Your answer is the lines below, exactly, from the one that contains "唐子中央公園の写真のサムネイル写真5" through the one that contains "a brown bear in the wild", both included.

▶ **INFORMATION GIVEN**

------------------------------

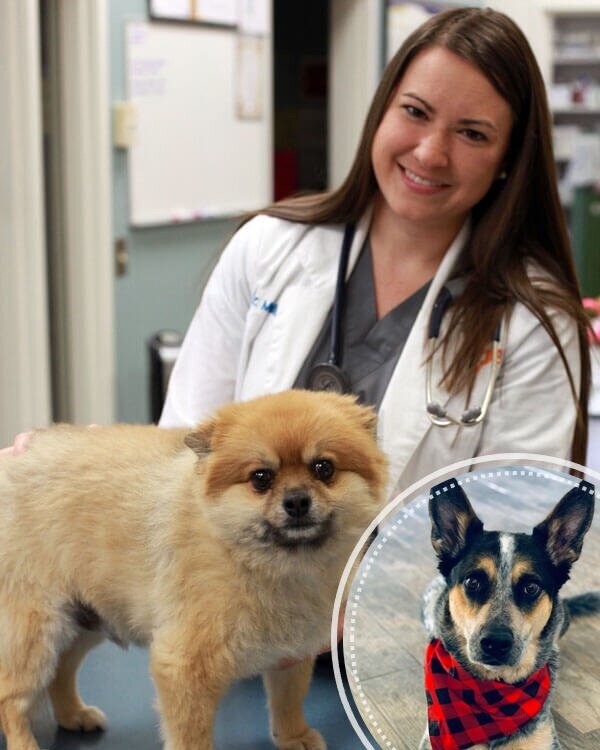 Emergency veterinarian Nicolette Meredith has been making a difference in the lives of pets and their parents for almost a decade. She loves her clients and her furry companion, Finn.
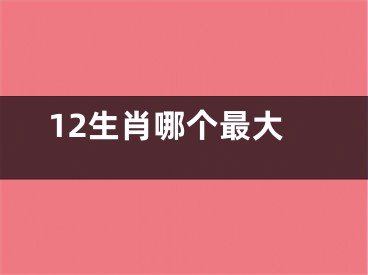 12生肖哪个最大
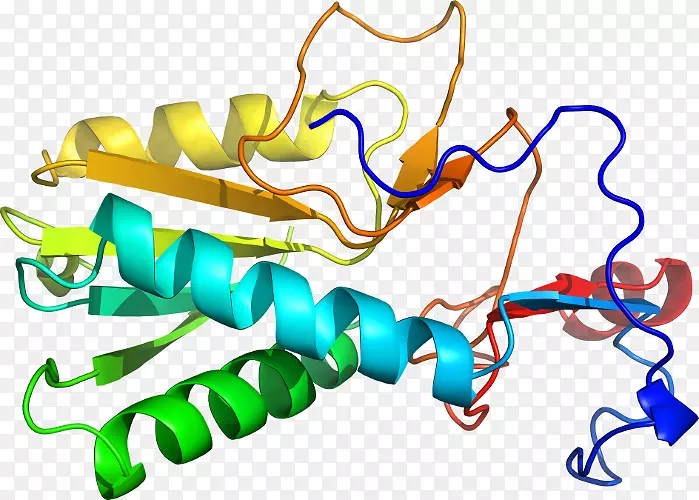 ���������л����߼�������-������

------------------------------

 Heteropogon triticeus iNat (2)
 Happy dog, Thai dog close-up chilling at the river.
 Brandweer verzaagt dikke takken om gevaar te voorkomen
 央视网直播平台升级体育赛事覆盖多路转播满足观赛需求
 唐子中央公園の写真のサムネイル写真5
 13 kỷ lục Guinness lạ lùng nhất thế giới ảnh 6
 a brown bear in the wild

------------------------------

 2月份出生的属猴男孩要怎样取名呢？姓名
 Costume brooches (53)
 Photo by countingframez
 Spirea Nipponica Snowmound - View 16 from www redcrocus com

------------------------------

▶ **REPLY TO THE EXERCISE**
 唐子中央公園の写真のサムネイル写真5
 13 kỷ lục Guinness lạ lùng nhất thế giới ảnh 6
 a brown bear in the wild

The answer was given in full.